I enjoy watching them and I understand that it's all a load of bollocks.
 
Archaeology is just more exciting with aliens. Whenever I've watched a documentary involving real archaeologists, it always seems to portray a bunch of guys in woolly jumpers digging up a damp field in Bath and finding some shards that once used to be a pot. This pot really increases our knowledge of the influence of Roman design on mid 1st century British cooking utensils, they enthuse.

Bugger that. I'd rather watch how aliens built the pyramids as interdimensional stargates, and then the bad aliens came along and there was loads of fighting and lasers and time travel and everything. Aliens didn't mess around making pots with whorls on and losing belt buckles in fields.
 
I would guess that most of the posters on this board know how to enjoy the fantasies of pseudo-archaeology and scholarship. I think there is a lot to be said for the mind-boggling!
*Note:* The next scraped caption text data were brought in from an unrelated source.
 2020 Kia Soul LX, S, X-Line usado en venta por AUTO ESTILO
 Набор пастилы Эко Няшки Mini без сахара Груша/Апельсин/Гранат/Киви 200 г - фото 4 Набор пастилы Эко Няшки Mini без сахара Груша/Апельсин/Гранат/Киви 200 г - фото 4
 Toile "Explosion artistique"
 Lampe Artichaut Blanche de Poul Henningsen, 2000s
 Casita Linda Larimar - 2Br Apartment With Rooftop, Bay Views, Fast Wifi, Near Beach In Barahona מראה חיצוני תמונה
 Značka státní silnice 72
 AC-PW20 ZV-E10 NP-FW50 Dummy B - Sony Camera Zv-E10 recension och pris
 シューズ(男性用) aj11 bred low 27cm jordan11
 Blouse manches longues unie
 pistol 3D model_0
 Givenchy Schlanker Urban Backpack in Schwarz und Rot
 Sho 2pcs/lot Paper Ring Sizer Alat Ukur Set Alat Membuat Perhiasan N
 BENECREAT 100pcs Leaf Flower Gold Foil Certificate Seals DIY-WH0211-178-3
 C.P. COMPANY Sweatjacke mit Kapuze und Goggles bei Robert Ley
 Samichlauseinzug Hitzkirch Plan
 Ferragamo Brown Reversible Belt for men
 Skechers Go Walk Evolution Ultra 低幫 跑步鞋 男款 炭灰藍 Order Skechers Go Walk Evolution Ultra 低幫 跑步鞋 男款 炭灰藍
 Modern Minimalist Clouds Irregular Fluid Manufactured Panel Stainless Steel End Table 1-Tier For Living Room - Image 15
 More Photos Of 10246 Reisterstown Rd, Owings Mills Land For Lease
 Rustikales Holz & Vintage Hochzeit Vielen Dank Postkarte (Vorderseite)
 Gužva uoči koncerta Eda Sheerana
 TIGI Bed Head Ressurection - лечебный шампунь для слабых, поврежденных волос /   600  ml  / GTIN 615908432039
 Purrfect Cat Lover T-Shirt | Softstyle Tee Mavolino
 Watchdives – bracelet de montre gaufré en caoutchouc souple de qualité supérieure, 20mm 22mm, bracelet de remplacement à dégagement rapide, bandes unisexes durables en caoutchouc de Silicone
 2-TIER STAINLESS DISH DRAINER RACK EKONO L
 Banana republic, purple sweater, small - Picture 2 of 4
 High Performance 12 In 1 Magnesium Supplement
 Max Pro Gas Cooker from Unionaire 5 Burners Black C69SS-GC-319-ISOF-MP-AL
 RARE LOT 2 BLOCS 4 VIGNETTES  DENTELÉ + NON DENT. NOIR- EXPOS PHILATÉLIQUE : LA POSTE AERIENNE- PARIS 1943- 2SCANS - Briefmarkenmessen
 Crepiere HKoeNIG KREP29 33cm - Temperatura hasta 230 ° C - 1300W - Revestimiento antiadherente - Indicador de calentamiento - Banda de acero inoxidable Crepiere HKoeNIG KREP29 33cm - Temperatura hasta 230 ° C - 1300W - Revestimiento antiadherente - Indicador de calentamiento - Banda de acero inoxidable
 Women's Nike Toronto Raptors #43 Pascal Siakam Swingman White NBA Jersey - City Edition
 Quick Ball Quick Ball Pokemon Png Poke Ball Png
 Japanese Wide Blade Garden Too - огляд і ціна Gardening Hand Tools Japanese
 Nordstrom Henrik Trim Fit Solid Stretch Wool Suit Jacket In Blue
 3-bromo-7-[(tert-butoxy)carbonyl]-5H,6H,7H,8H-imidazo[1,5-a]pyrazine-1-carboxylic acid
It may work for whole quarters of an hour at a time as we are caught up in a mad pseudo-documentary; it won't last longer than the first trip to the footnotes (if any) when we are reading a book.

I am disappointed with the would-be mind-bogglers not because they are crap at history but because they are crap at boggling!

Enthusiasts for this stuff like to think their minds are more open than conventional thinkers but it is dismaying to look at the thickets of piffle they throw up in their search for the treasures of Rennes-le-Chateau, the grave of Jesus, the international prehistoric pyramid-savants, the giant Vulvarians who built Stoneminge . . .

I want my mind to be boggled properly and I want it now! :mad:
 
The thing that bothers me about ancient astronaut-type programming is that there's an assumption that ancient people could not have thought of/designed/created/ whatever it was that so puzzled the researchers. Not on their own, anyway. This does not give much credit to the intelligence of ancient people and even deprives them of the credit they deserve.

I saw Chariots of the Gods when I was tiny - maybe 3? - and I was amazed by it, I thought it was awesome. Wild speculation can be fun. As an adult, though, I don't tend to believe in progress so much. I do believe our ancestors were capable of these things we're now hard-pressed to understand.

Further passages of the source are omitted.